In April, Chifley's Labor government began a propaganda campaign. With the possibility of a strike looming in May, the tribunal decided to brandish a big stick by threatening to accept the owners' request that pit top stop-work meetings be made illegal. The attempt to ban meetings was a direct challenge to the union's right to consult with its members. The union proceeded with meetings to seek endorsement from members for a strike.
In the days before the strike, the union attempted to negotiate with the tribunal and mine owners, offering to drop the wage claim and work a 40-hour week for a year, if the owners and tribunal agreed to a shorter week in principle. The union also offered to negotiate on the use of mechanical equipment to extract coal pillars, which the owners had been demanding.
The owners rejected the union's proposals and, on June 27, the miners struck.
Officials jailed
Two days later, the Labor government rushed through legislation that made it illegal to give strikers and their families financial support (including shops that let miners buy on credit).
On July 5, union officials were ordered, under threat of imprisonment, to hand over union funds to the industrial registrar. At the same time, the High Court rejected an appeal by the unions. On July 6, union officials were arrested. Two days later, union and CPA headquarters were raided.
In the last week of July, seven union officials were sentenced to 12 months' jail and one to six months. The court also imposed fines on another five officials and three unions (the Miners' Federation, Waterside Workers' Federation and Federated Ironworkers Association).
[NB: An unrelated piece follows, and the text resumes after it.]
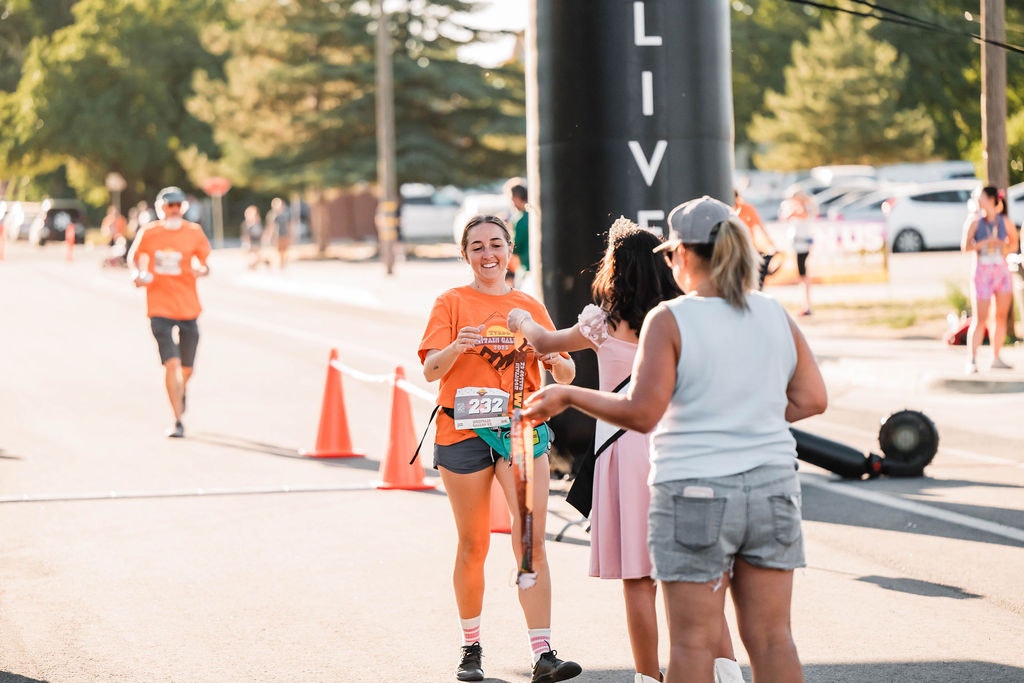 Runner finishing a race, smiling, with people congratulating them. Orange shirt, number 232, outdoor event.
Arthur Calwell — a cabinet minister under Chifley who later became federal Labor parliamentary leader — threatened to put communists and their sympathisers into concentration camps. Chifley told the Labor caucus, "The Reds must be taught a lesson".
On June 30, the government placed full-page advertisements in newspapers declaring: "This is a strike against arbitration! It is a communist inspired strike!"
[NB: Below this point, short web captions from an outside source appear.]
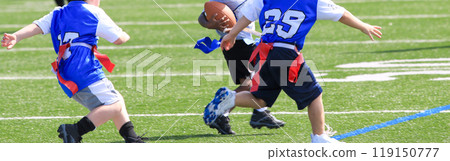 Two flag football players chasing another player who has the ball 119150777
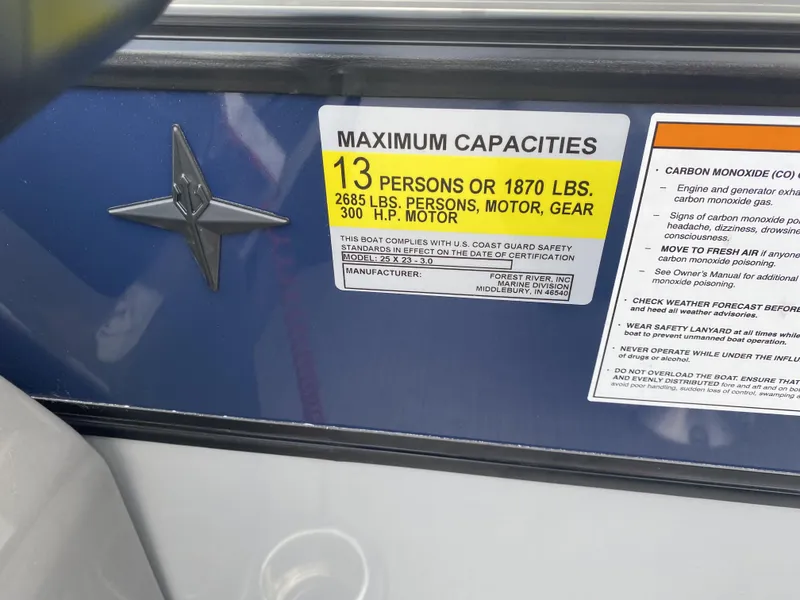 Slide: The Image of 2025 Berkshire 23E STS boat capacity label, maximum 13 persons or 1870 lbs, 300 HP motor. - 12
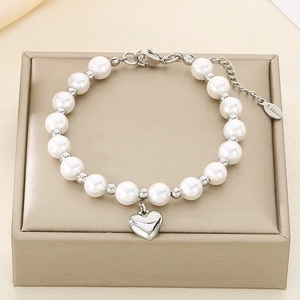 Close-up of stainless steel heart charm and white pearl bracelet on jewelry box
In the face of government repression and propaganda (which included newspaper advertisements, public meetings by Labor politicians and even airdrops of leaflets), six mass meetings of striking coal miners held on July 10 voted to continue the strike.
While the NSW core of miners held strong, cracks began to appear on the periphery. The ACTU sided with the government, helping to isolate the Miners' Federation from smaller ancillary unions. While supposedly supporting the miners' claims, it attacked the strike and attempted to blame the miners for the reactionary response of the government.
On July 15, coal that had been black-banned by the miners' union was transported by the NSW branch of the Australian Railways Union, in defiance of the ARU's federal body.
The Australian Workers Union, whose members worked in open-cut mines in South Australia and Victoria, were the next to split the ranks. The open-cut mines in NSW and Queensland were seen as the key to breaking the strike, and the government began negotiations with the AWU to work the mines.
Troops
Even though the AWU's Queensland secretary offered to "not hesitate to throw its weight on the side of the nation to save Australia from Communist domination", the Labor government decided the better option was to send soldiers to work the open-cut mines. It was later revealed that Chifley had contemplated using troops from the onset of the strike.
On August 1, troops armed with machine guns, bayonets and rifles entered the coalfields. Within two weeks, the strike was broken. For many workers, the tactics used by the ALP during the strike came as a shock, because they believed the ALP was a party of the working class. Chifley's betrayal tore away their illusions and revealed Labor's true colours as a party that furthers the interests of the capitalists.
The lessons that workers learned during the 1949 coal strike are still relevant today. The ALP has used, and continues to use, the force and institutions of the capitalist state (the army, police, and judiciary) to subordinate the interests of the workers to those of the capitalists.